Voilà pourquoi Olexyi Vadatourski ne pouvait compter que sur ses propres forces, financières et humaines, pour défendre Mykolaïv, lorsque la menace séparatiste a frappé aux portes de la ville. Comme l'a fait Igor Kolomoïski, le patron de la Privat Bank, devenu gouverneur de Dniepropetrovsk et général improvisé de la résistance patriotique dans le Sud-Est.
A Mykolaïv, le signal d'alarme fut déclenché le 7 avril, lorsque des activistes prorusses installèrent un village de tentes devant le siège de l'administration pour tenter d'en prendre le contrôle. Il fallait à tout prix éviter un enkystement, un scénario similaire à celui de Donetsk, dans le Donbass.
Les élites locales se sont donc organisées. Par deux fois, les principaux entrepreneurs se sont réunis autour du gouverneur, à l'initiative d'Olexyi Vadatourski. Le drame d'Odessa, le 2 mai, où des dizaines de partisans prorusses ont péri dans l'incendie de la Maison des syndicats, a marqué les esprits. « Tout le monde a compris que ces événements pouvaient concerner chacun d'entre nous, explique l'entrepreneur, qui a pris le micro devant la foule pro-ukrainienne. De leur propre initiative, des citoyens constitués en groupe d'autodéfense ont dispersé le village de tentes. »
« On redoutait que la police laisse faire, comme à Donetsk, explique Andreï Volik, directeur général adjoint de Nibulon. On s'est donc rassemblé, à 400 ou 500, pour mettre fin à ce désordre. » Cette soirée marqua le début de la mobilisation générale.

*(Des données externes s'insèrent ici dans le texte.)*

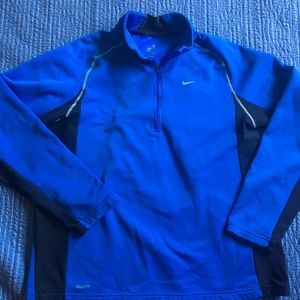 Nike Mens XL Pullover Wicking Shirt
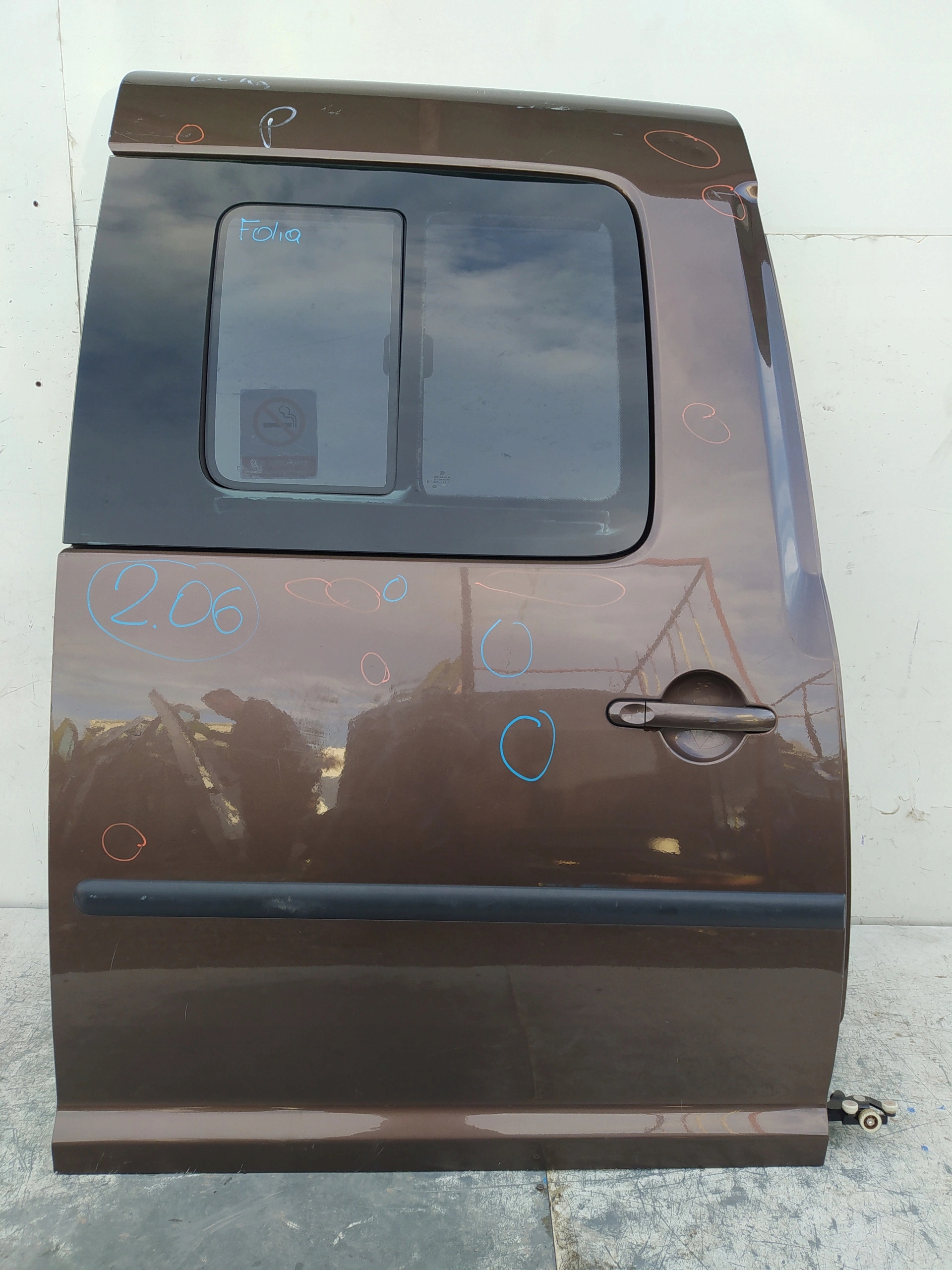 VW CADDY LIFE 03-015 PRAVÉ POSUVNÉ DVERE SKLO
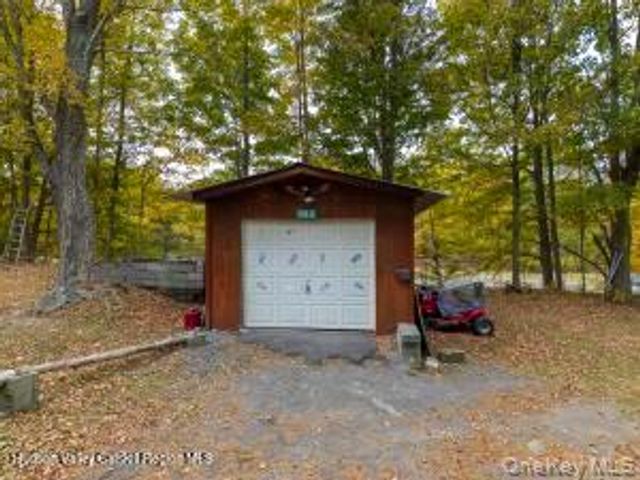 11 Miller Lane, New Paltz, NY 12561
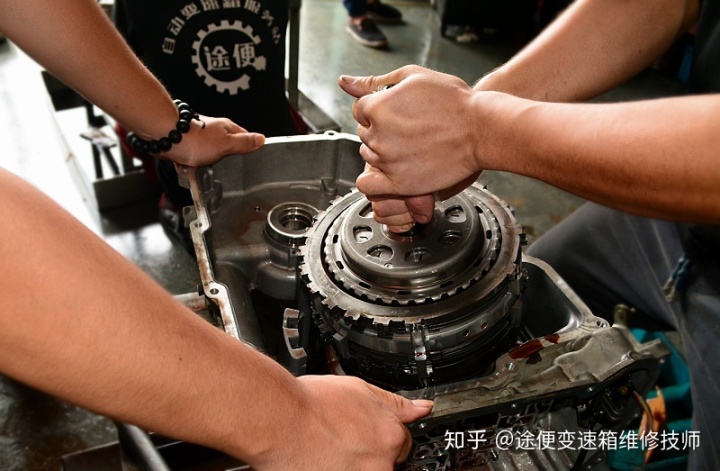 法士特副箱维修视频_厦门汽车空调蒸发箱维修_变速箱维修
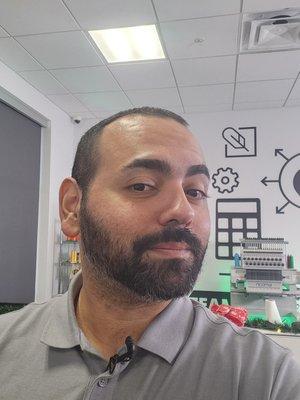 Photo of Andrew H.
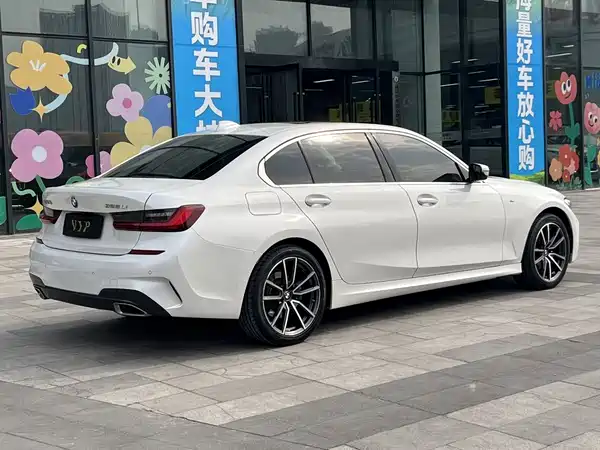 BMW 3 Series 2022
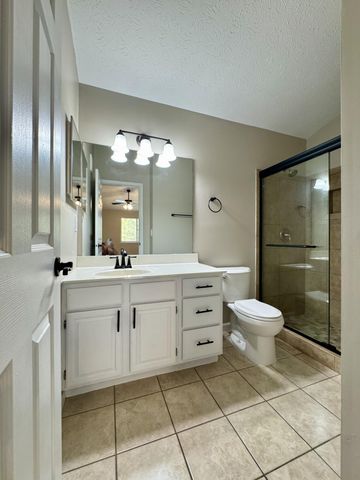 410 Lakeview Drive, 11, Wilder, KY 41071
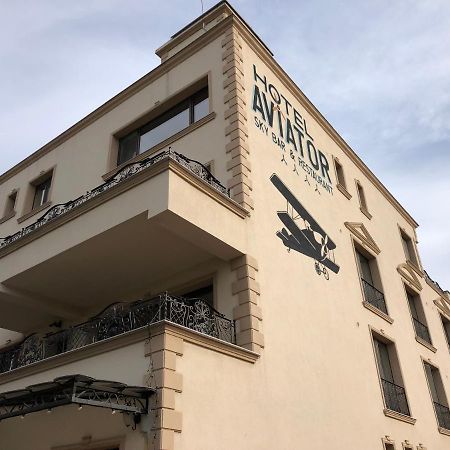 Hotel Aviator Boutique Otopeni Kültér fotó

TRANSFORMÉ EN FOURNISSEUR D'ARMES
Nibulon a déployé 80 employés, et salarié temporairement 140 personnes extérieures au groupe pour participer à la défense de la ville. Olexyi Vadatourski s'est transformé en fournisseur d'armes, de gilets parballes, de nourriture et de voitures. Mais seules les personnes pourvues d'un permis ont le droit de circuler armées, précise-t-il. L'autogestion ne signifie pas le Far West.
Cette nouvelle féodalité ne représente pas un projet viable. Le patron de Nibulon aimerait que les gouvernements européens ne renoncent pas « à des mesures plus sévères contre la Russie. Si on ne l'arrête pas, elle sera à vos frontières ». Il espère aussi que l'Etat nettoiera ses structures corrompues et retrouvera de la vigueur.
Pour la première fois, Olexyi Vadatourski s'est impliqué dans une campagne électorale. Il a reçu Petro Porochenko sur son site, peu avant son élection triomphale à la présidentielle du 25 mai. Le nouveau chef de l'Etat a, lui aussi, construit un grand groupe industriel, Roshen, spécialisé dans la confiserie. Entre manageurs, le charme a opéré. Le loup est un homme pour le loup.